Karl Falkenberg, the Director General of DG Environment, was grilled by MEPs over the ditching of waste laws.

The European Commission’s decision to ditch the Circular Economy package of waste, recycling and incineration laws, was confirmed yesterday (22 January), despite the objections of the EU Parliament and national environment ministers.

Legal procedures to officially dump the legislation should be completed in the next couple of months, the Commission told EurActiv.

The final decision has been taken and nothing could be foreseen that would change the executive’s mind at this stage, EU sources said.

The confirmation came after Karl Falkenberg, the Commission’s Director-General for the environment, told MEPs at a Parliament committee meeting that the formal decision would take place in February.

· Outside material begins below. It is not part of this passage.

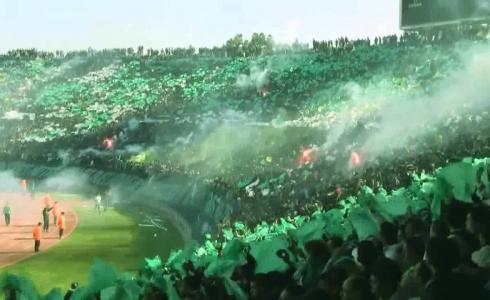 جمهور الرجاء الرياضي يغني اغنية في بلادي ظلموني بالمدرجات المغربية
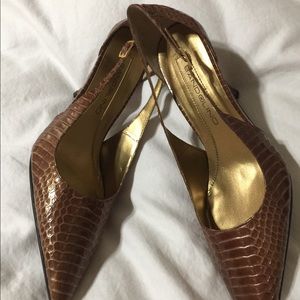 Womens beautiful Bandolino brown snake pumps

The Circular Economy package was intended to increase recycling levels and tighten rules on incineration and landfill. It consists of six bills on waste, packaging, landfill, end of life vehicles, batteries and accumulators, and electronic equipment waste.

Commission First Vice-President Frans Timmermans told MEPs in December that he would consult with the Council of Ministers and the Parliament before formalising the move. The package would be re-tabled in 2015 and be “more ambitious”, he promised, as he announced a cull of pending legislation as part of a drive to cut red tape.

MEPs in Strasbourg last week failed to secure a joint resolution of the full Parliament against the move, although a majority of them voted for individual amendments calling for the package to be saved.

EU environment ministers have also signaled their support for the package, but there was no formal message sent to the Commission.

"Some people are saying the waste package should be dropped," said Kaspars Gerhards, Latvia's Environment and Regional Development minister whose country holds the rotating EU Presidency. "The Council is very concerned about these rumours," he told the Parliament's Environment Committee on Wednesday (21 January).

"And I would say most member states are willing to work constructively to find a common denominator for the waste package," he added.

While the Commission will withdraw the package, it will take the views of MEPs and ministers into account when tabling the new bill. It is keen to avoid the replacement legislation being blocked in either institution, sources told EurActiv.

Former Environment Commissioner Janez Potočnik, oversaw the drafting of the original package. This week, he was awarded a leadership prize at the World Economic Forum in Davos for his work on the circular economy.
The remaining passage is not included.